Bill Kristol gehörte jahrzehntelang zum inneren Zirkel der Republikaner - dann kam Trump.

(Foto: imago/ZUMA Press)
  • Bill Kristol ist einer der wenigen Republikaner, die Donald Trump noch öffentlich kritisieren. Er gilt als ihr inoffizieller Anführer.
  • Der Neokonservative sucht nach Kandidaten in der Partei, die bei den Vorwahlen gegen den Präsidenten antreten.
  • So glaubt er Trump schwächen zu können.

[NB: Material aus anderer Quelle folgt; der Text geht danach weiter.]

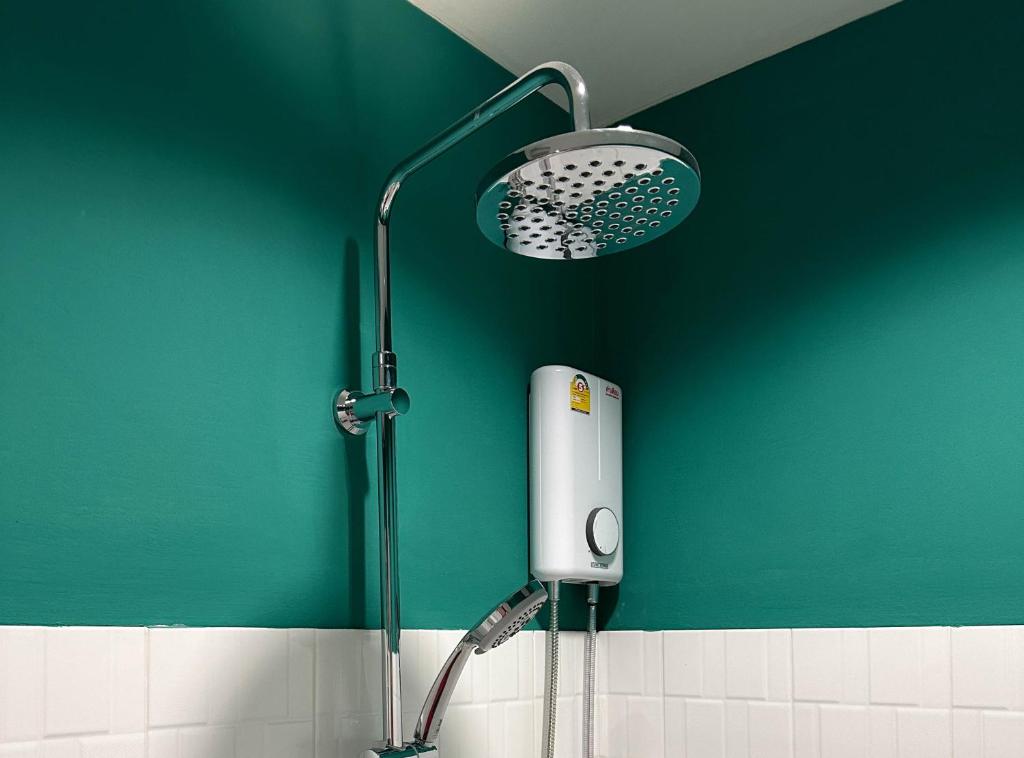 Belivin99 Residence Chinatown - 7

Von Alan Cassidy, Washington

Wie sehr Donald Trump die Verhältnisse in Washington auf den Kopf gestellt hat, sieht man vielleicht an keiner Person so gut wie an Bill Kristol. Mehr als drei Jahrzehnte gehörte er zum inneren Zirkel der Republikaner. Er arbeitete für die Regierungen von Ronald Reagan und George H. W. Bush. Er gründete und führte mit dem Weekly Standard die Hauszeitschrift der Neokonservativen, die in der Zeit von George W. Bush zu großem Einfluss gelangten. Er war ein enger Berater des Präsidentschaftskandidaten John McCain. "Wann immer Konservativismus und Macht zusammenfielen, befand er sich in der Nähe", schrieb der New Yorker einmal über ihn.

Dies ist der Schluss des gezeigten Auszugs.